No Rights Reserved is a museum catalogue design for a fictional Chinese contemporary appropriation art exhibition that locates at Tate Modern, London. It was made as a student project at ArtCenter College of Design.
In traditional Chinese calligraphy education, apprentices generally start from a facsimile. During the process of transposing previous works, apprentices sometimes create a better version, transcending its original form. The ancients attributed this transcendence to the “I” in the book. However, the booming development of Internet technology makes the access to artwork more convenient than ever, the difference between appropriating and copying has been blurred gradually. Taking a form of art and directly applying to the other becomes a new way of art making.
“No Rights Reserved” recreates a definition of the well-known phrase — “All Rights Reserved” as an conversation starter. The goal is not to criticize any form of art expression. It is intended to discuss: What is appropriation? What is plagiarism? Does the two have a border? If so, what is it?
In the first chapter of the book, I “copied” an exhibition catalogue as the starting point of my design. The catalogue recorded the art exhibition that took place in 105 Hudson Street, Manhattan, New York—the very first art exhibition to discuss “appropriation art.” Imagery was selected from the famous Shenzhen Dafen Oil Painting Village.
In the artist’s title page, I merged and replaced the Chinese calligraphy grid with the Western font grid system. It is intended to indicate the clash between the East and the West’s different definition for plagiarism and copyright.

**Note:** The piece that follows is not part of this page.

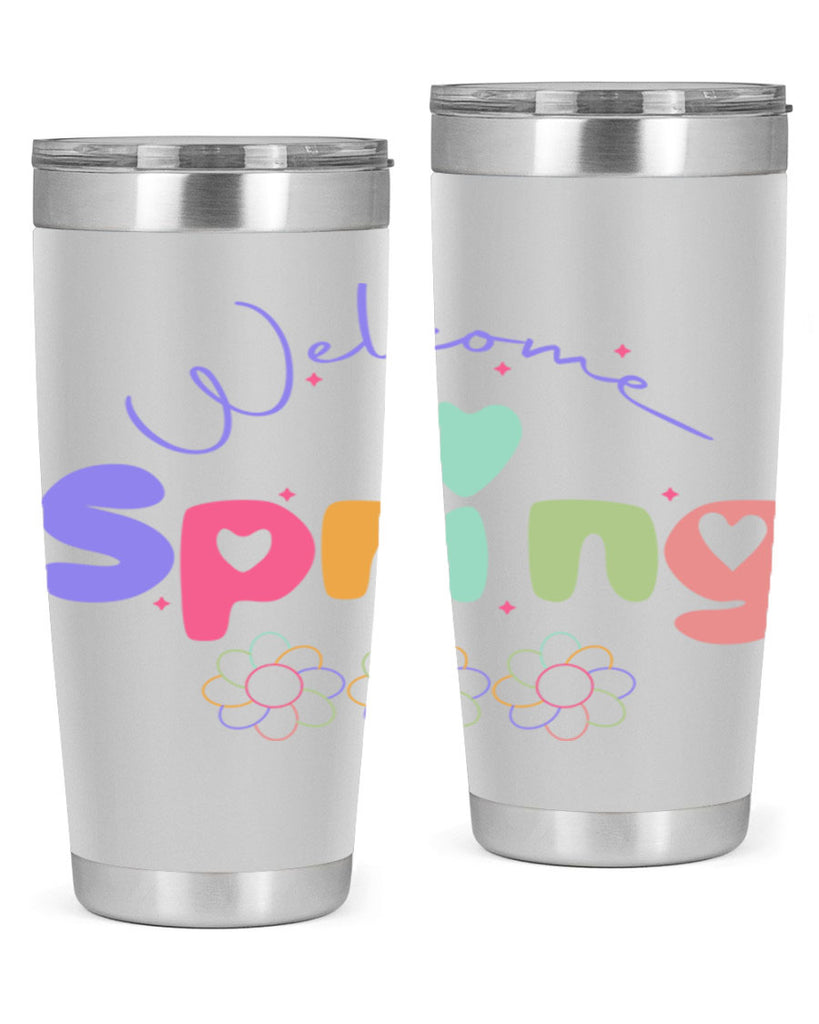 Welcome Spring583#- spring- Tumbler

In order to express the discussion of copyright, the catalogue was printed and bound in China. After changing the layout a little and making a “copy” version of the catalog, a limited newsprint edition was produced in the United Kingdom (via the Newspaper club website). The catalogue hence exists both as hardback book and as a newspaper version.
The simplicity of the Chinese characters in Noto Sans balances with Galapagos in a harmonious way. Combing a comparatively complex font with a font that has support for Chinese was a very interesting experience. The typographic palette is completed by Panama and LL Akkurat.